◆ Crawled caption data
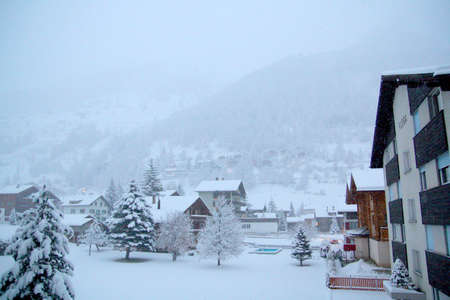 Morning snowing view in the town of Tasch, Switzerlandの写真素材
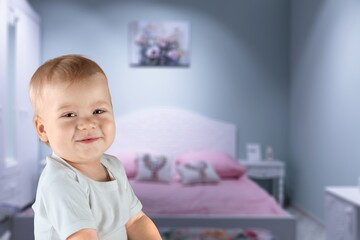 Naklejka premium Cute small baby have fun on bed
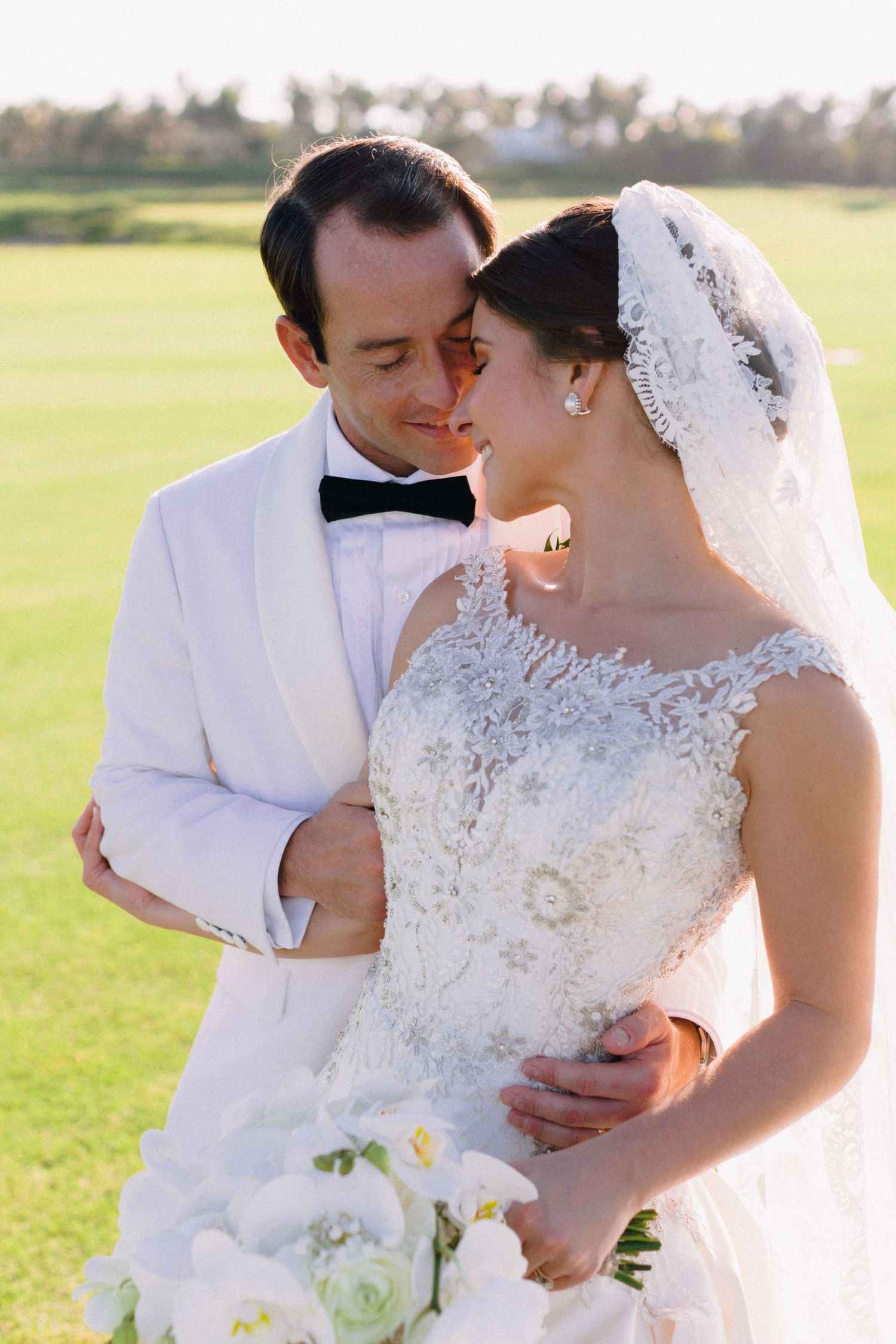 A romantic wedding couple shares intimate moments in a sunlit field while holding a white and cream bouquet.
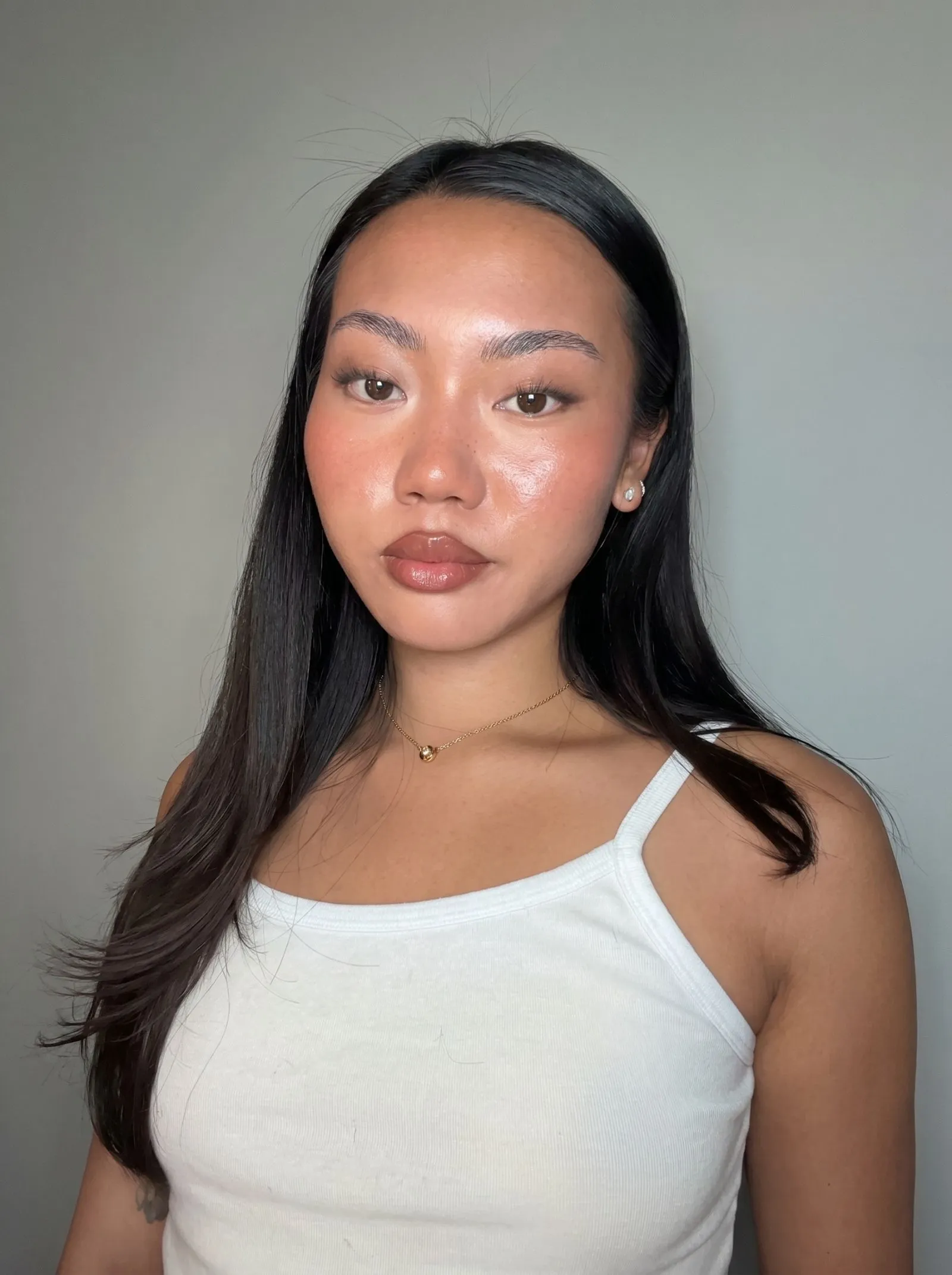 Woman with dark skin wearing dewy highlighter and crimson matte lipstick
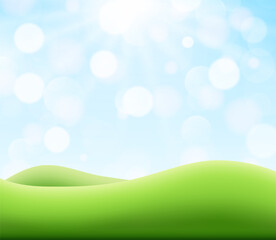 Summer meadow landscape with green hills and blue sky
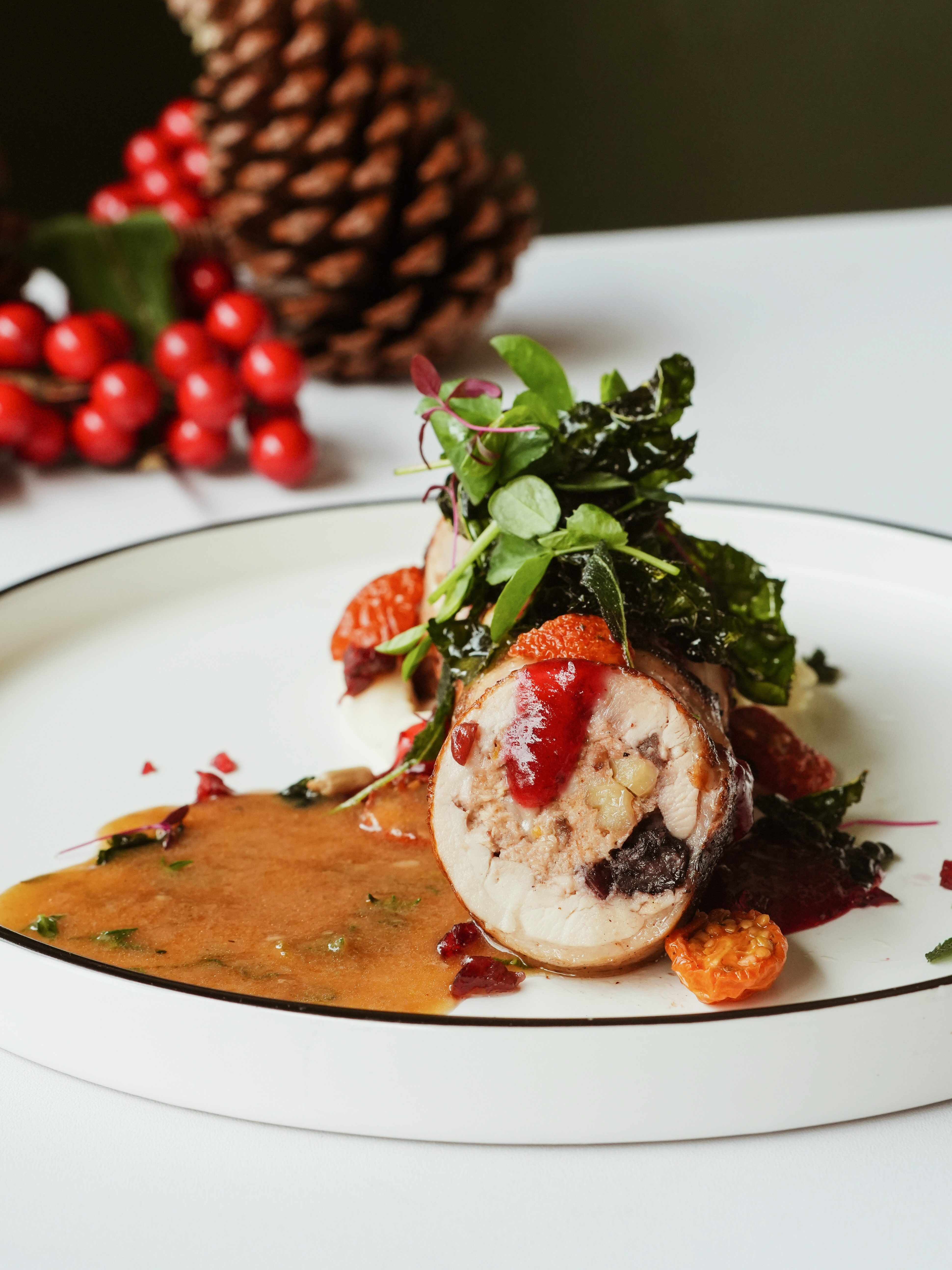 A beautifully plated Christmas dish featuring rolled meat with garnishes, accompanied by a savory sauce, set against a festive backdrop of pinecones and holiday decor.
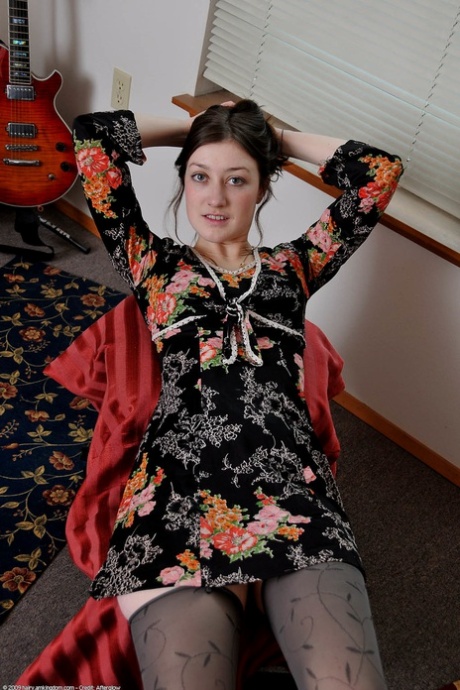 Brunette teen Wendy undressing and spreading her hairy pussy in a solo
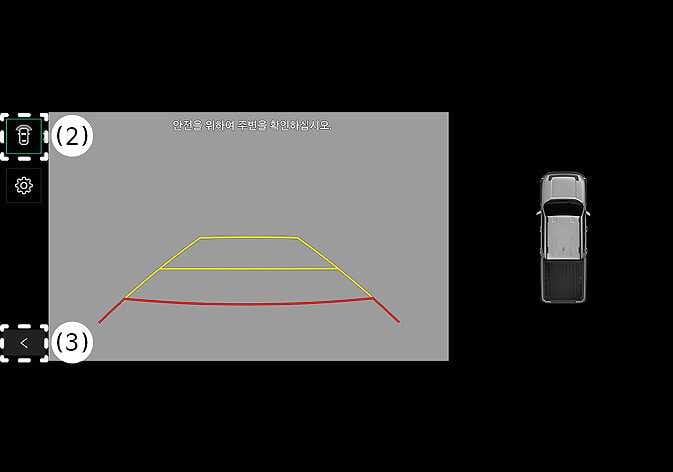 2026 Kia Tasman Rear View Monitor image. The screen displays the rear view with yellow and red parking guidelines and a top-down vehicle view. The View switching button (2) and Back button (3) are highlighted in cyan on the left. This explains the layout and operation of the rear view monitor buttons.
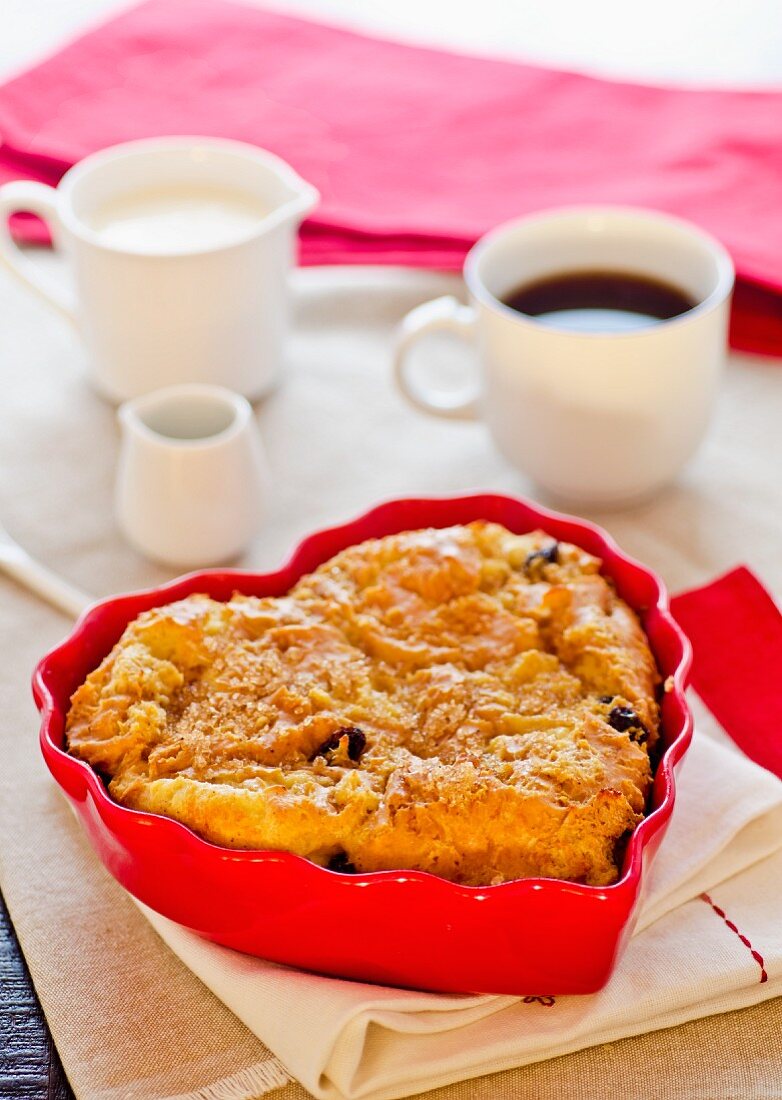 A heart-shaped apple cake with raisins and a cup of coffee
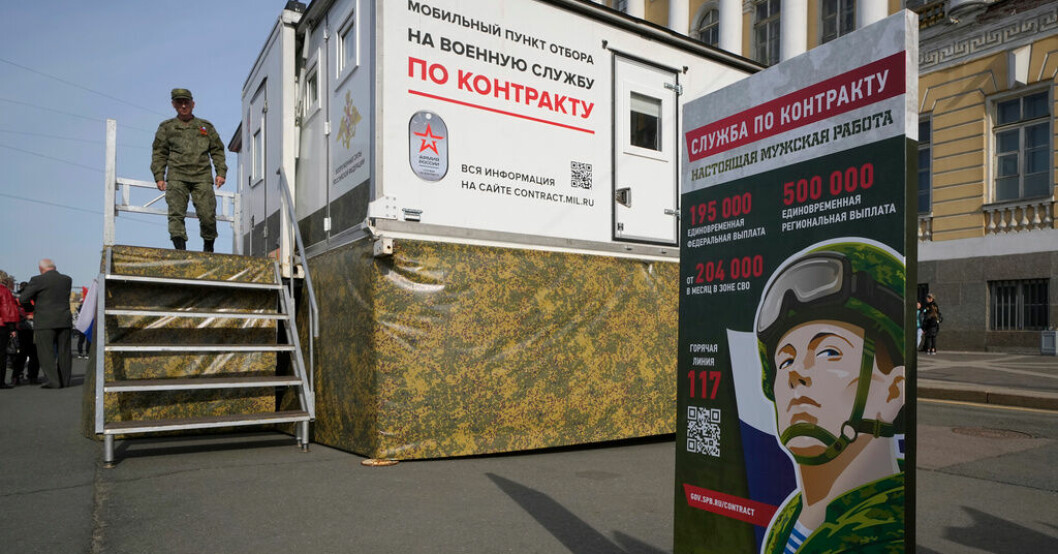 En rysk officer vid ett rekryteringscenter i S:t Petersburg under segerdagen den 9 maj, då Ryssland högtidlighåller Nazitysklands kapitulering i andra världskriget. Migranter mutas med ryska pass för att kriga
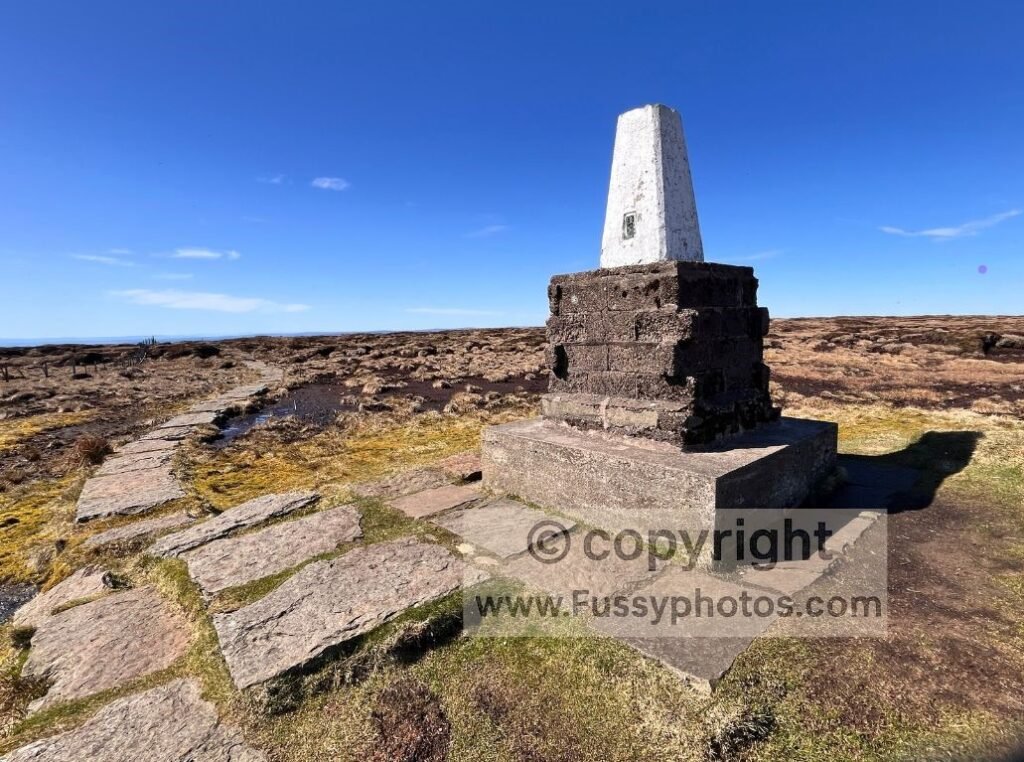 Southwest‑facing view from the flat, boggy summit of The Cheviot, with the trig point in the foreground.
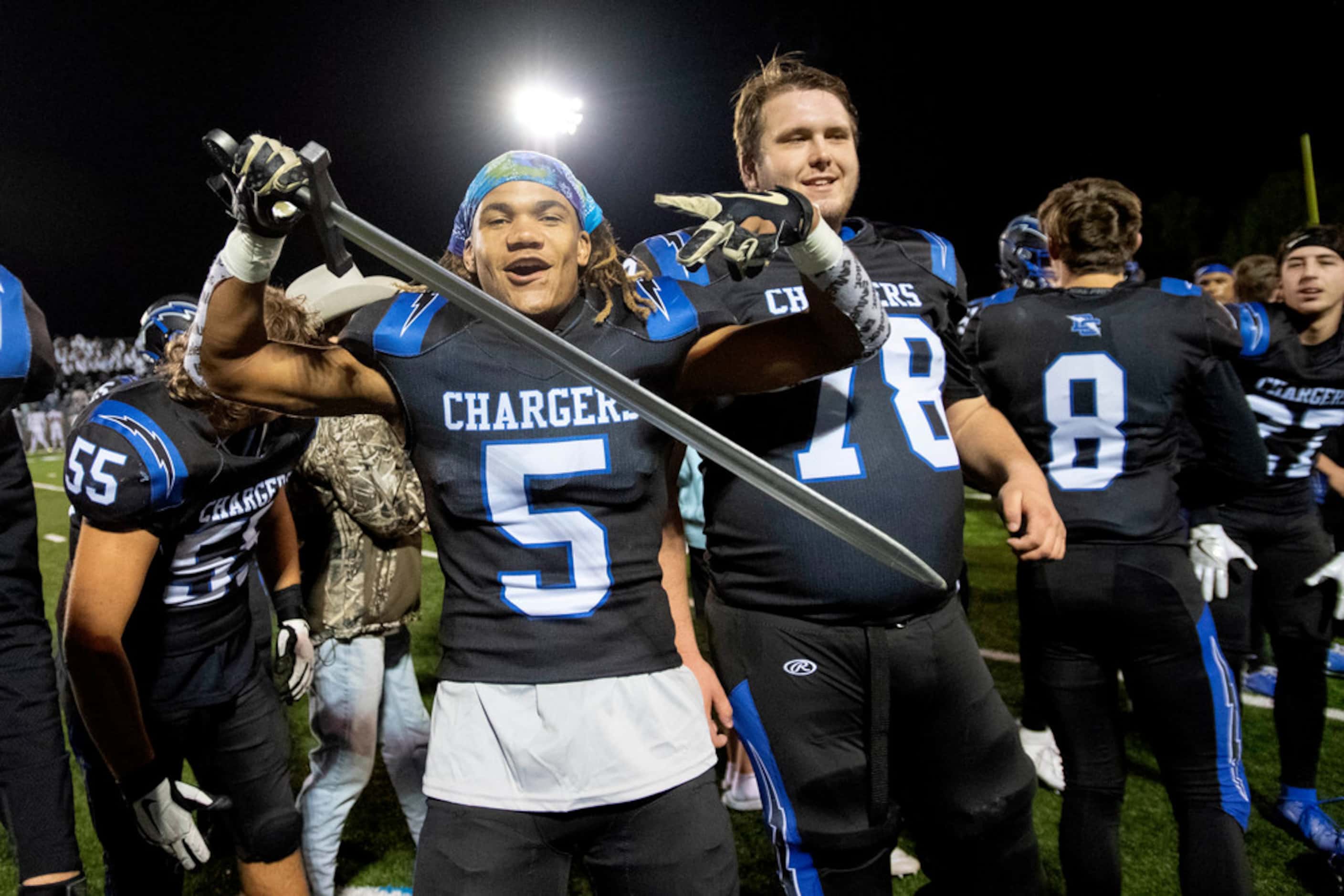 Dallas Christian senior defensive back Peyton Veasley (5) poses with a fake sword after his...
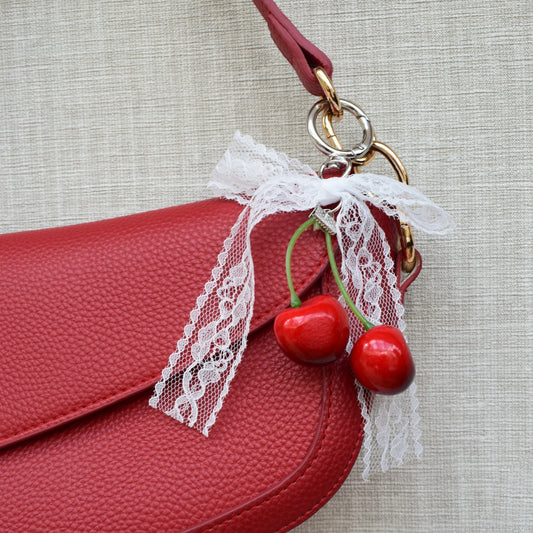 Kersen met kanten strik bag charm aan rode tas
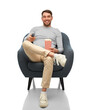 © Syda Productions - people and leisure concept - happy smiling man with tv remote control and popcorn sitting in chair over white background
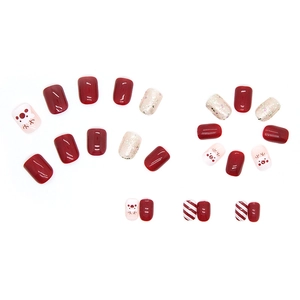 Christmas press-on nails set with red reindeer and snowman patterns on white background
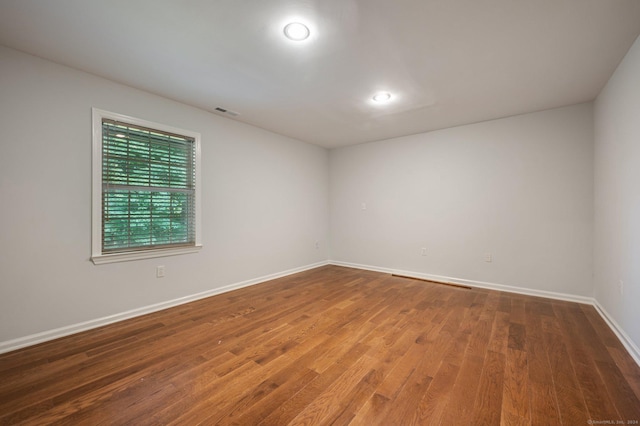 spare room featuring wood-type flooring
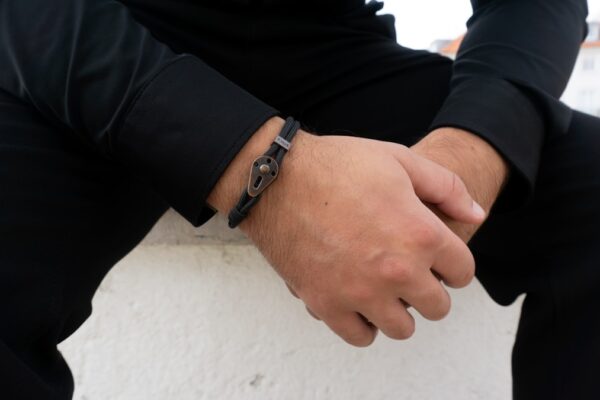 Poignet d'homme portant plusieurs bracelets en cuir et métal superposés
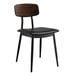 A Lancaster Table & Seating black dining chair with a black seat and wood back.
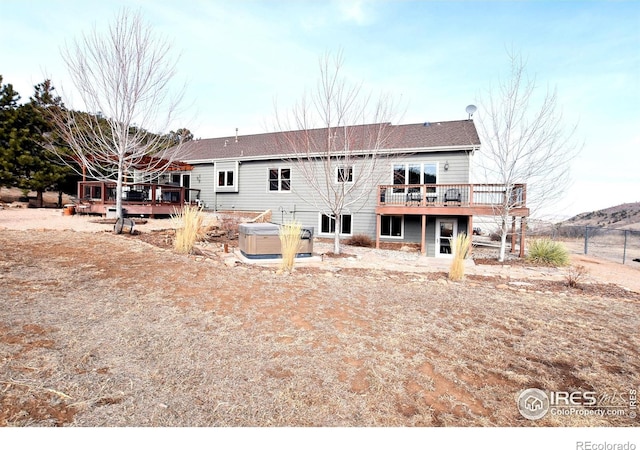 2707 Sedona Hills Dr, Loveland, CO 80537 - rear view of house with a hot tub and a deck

◆ WHAT TO WORK ON
Begin with the line that contains "over white background" and repeat every line through the end of the data, exactly and only those lines, leaving out the pictures.

◆ SOLUTION FOR THIS TASK
 © Syda Productions - people and leisure concept - happy smiling man with tv remote control and popcorn sitting in chair over white background
 Christmas press-on nails set with red reindeer and snowman patterns on white background
 spare room featuring wood-type flooring
 Poignet d'homme portant plusieurs bracelets en cuir et métal superposés
 A Lancaster Table & Seating black dining chair with a black seat and wood back.
 2707 Sedona Hills Dr, Loveland, CO 80537 - rear view of house with a hot tub and a deck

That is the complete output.